What is expected: Output only the stretch of the listing that starts at the line containing "6391 Hillcrest photo 31" and ends at the line containing "lot 362 image: Crafting Scissor Lot", reproduced exactly with both ends.

..............................

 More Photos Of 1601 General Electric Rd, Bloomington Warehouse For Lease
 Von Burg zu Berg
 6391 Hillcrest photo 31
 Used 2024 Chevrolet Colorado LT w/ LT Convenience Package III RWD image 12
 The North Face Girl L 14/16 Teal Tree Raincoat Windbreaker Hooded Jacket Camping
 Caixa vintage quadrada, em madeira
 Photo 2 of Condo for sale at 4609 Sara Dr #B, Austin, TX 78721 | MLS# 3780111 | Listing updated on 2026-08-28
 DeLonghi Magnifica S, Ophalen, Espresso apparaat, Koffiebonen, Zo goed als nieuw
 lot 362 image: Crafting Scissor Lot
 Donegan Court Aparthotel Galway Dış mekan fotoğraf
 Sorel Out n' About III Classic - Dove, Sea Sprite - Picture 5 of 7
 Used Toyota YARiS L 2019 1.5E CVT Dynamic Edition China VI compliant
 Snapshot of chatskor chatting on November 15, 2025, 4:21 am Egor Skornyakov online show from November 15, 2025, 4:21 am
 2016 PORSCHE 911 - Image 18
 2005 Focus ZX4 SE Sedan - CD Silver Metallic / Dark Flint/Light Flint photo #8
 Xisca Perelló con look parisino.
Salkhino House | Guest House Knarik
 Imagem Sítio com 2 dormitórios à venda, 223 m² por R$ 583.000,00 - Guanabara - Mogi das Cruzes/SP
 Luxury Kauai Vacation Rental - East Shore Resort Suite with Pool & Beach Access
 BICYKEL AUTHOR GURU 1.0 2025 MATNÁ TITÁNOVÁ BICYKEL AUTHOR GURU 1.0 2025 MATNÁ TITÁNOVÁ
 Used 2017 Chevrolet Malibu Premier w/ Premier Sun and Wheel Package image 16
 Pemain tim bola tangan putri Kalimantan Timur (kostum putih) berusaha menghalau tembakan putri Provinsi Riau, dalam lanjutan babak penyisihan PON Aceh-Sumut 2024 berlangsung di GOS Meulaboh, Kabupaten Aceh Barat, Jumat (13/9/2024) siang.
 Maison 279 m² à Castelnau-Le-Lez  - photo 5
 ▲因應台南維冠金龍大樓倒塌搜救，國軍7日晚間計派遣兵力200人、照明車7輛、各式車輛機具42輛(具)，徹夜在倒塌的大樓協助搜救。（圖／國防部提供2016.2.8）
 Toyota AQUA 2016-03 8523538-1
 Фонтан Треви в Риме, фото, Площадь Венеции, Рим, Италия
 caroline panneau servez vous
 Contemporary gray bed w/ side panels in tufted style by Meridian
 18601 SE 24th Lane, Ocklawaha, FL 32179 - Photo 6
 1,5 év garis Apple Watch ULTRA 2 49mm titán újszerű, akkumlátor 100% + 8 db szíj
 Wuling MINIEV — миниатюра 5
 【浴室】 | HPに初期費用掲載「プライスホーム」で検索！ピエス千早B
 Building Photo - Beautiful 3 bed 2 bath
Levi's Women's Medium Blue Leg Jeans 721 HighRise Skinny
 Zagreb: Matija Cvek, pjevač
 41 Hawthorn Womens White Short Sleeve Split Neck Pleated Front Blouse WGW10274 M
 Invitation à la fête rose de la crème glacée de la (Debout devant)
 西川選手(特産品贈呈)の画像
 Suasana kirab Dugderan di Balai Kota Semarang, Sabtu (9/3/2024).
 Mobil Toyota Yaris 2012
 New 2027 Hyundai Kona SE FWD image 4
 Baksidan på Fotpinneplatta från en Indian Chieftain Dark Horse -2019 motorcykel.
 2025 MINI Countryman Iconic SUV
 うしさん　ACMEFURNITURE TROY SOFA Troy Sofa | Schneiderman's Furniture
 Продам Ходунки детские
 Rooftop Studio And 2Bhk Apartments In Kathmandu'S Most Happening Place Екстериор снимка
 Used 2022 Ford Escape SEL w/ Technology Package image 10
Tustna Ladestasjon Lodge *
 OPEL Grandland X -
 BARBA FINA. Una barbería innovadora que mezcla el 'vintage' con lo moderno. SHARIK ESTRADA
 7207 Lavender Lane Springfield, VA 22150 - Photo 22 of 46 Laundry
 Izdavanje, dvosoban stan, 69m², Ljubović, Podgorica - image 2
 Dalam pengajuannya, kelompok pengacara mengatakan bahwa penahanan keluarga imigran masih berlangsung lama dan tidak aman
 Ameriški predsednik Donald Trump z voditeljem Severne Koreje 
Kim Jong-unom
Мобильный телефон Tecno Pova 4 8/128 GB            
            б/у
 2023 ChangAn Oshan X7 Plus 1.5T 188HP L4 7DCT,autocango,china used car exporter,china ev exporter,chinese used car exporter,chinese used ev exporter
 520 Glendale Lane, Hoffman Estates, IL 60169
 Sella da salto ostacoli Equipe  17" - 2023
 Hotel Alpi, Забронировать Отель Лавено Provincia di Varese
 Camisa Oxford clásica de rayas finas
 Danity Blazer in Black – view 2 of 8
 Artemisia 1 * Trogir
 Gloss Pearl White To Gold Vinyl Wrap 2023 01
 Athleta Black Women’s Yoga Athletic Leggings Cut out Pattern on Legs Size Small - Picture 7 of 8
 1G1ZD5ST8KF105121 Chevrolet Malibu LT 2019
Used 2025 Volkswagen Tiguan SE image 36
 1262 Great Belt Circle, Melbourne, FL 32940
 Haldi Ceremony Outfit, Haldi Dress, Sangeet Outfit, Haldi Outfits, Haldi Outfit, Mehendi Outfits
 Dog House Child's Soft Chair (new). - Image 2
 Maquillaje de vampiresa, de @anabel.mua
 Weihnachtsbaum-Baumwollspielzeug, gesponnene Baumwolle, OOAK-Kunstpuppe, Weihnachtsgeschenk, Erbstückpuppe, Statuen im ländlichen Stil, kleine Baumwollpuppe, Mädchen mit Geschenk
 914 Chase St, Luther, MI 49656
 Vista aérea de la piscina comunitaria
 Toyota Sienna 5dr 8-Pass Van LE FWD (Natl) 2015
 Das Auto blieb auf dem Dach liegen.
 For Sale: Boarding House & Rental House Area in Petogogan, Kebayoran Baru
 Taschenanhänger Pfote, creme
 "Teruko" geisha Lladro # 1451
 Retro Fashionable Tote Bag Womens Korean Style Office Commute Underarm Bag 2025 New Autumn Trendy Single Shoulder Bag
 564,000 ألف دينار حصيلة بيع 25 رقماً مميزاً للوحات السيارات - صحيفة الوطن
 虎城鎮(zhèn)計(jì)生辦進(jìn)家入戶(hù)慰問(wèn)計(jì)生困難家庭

..............................

Response to the exercise:
 6391 Hillcrest photo 31
 Used 2024 Chevrolet Colorado LT w/ LT Convenience Package III RWD image 12
 The North Face Girl L 14/16 Teal Tree Raincoat Windbreaker Hooded Jacket Camping
 Caixa vintage quadrada, em madeira
 Photo 2 of Condo for sale at 4609 Sara Dr #B, Austin, TX 78721 | MLS# 3780111 | Listing updated on 2026-08-28
 DeLonghi Magnifica S, Ophalen, Espresso apparaat, Koffiebonen, Zo goed als nieuw
 lot 362 image: Crafting Scissor Lot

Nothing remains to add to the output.